## Synthetic Data Generation for the Use Case 🍭

In [None]:
import pandas as pd
import numpy as np
import random


In [None]:
# Define regions with varying consumption patterns (simplified)
regions = {
    "Marmara": {"base_consumption": 12000, "holiday_multiplier": 1.8},  # High consumption, significant holiday increase
    "Aegean": {"base_consumption": 8000, "holiday_multiplier": 1.5},   # Moderate consumption, moderate holiday increase
    "Mediterranean": {"base_consumption": 10000, "holiday_multiplier": 1.6},  # Moderate consumption, moderate holiday increase
    "Black Sea": {"base_consumption": 7000, "holiday_multiplier": 1.4},   # Lower consumption, lower holiday increase
    "Central Anatolia": {"base_consumption": 5000, "holiday_multiplier": 1.3},  # Lower consumption, lower holiday increase
    "Eastern Anatolia": {"base_consumption": 4000, "holiday_multiplier": 1.2},  # Lowest consumption, lower holiday increase
    "Southeast Anatolia": {"base_consumption": 6000, "holiday_multiplier": 1.5}   # Moderate consumption, moderate holiday increase
}


In [None]:
# Function to generate synthetic data with regional variations
def generate_synthetic_data(num_rows=1000, years=range(2014, 2024)):
    data = []

    for _ in range(num_rows):
        # Randomly select year and region
        year = random.choice(years)
        region = random.choice(list(regions.keys()))

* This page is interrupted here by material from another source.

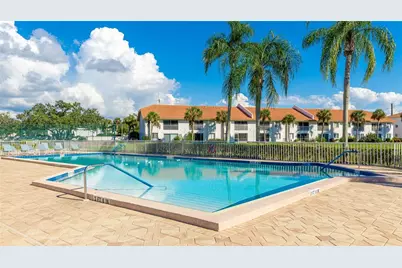 4120 Marseilles Avenue #3268, Sarasota, FL 34233 - Photo 42
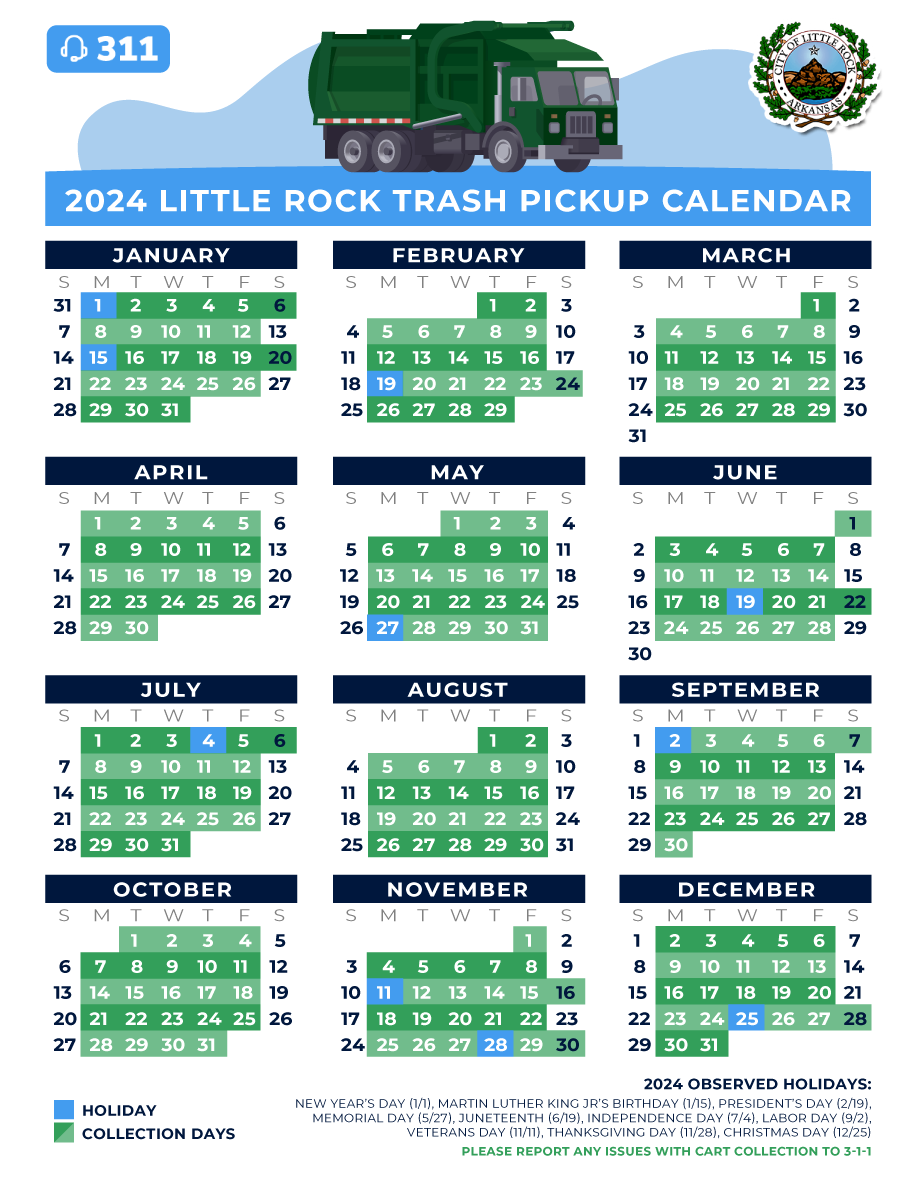 https://www.littlerock.gov/media/20440/2024-trash-collection-calendar.png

        # Generate features
        holiday_promotion = random.choice([0, 1])  # 1 means promotion, 0 means no promotion
        population = random.randint(1000000, 15000000)  # Random population size
        income_level = random.randint(1500, 25000)  # Random income level (in Turkish Lira)
        bakery_count = random.randint(100, 5000)  # Random number of bakeries

        # Calculate base consumption for the region
        base_consumption = regions[region]["base_consumption"]

        # Adjust consumption based on holiday season and promotions
        if holiday_promotion:
            base_consumption *= 1.1  # 10% increase during promotions
        
        # Determine holiday season (simplified)
        if year % 2 == 0:  # Alternate years for stronger holiday impact
            holiday_season = 1
        else:
            holiday_season = 0

        # Calculate consumption with regional and holiday factors
        consumption = base_consumption * regions[region]["holiday_multiplier"] ** holiday_season 

        # Add random noise to simulate real-world fluctuations
        consumption += np.random.normal(loc=0, scale=consumption * 0.1)  # 10% standard deviation

        # Append the generated row
        data.append([region, holiday_promotion, population, income_level, bakery_count, consumption, year, holiday_season])

    # Create DataFrame
    df = pd.DataFrame(data, columns=["Region", "Holiday_Promotion", "Population", "Income_Level", "Bakery_Count", "Demand", "Year", "Holiday_Season"])

    return df

In [None]:
# Generate and save the data
df = generate_synthetic_data()
df.to_csv("synthetic_baklava_data_turkey.csv", index=False)
print(df.head())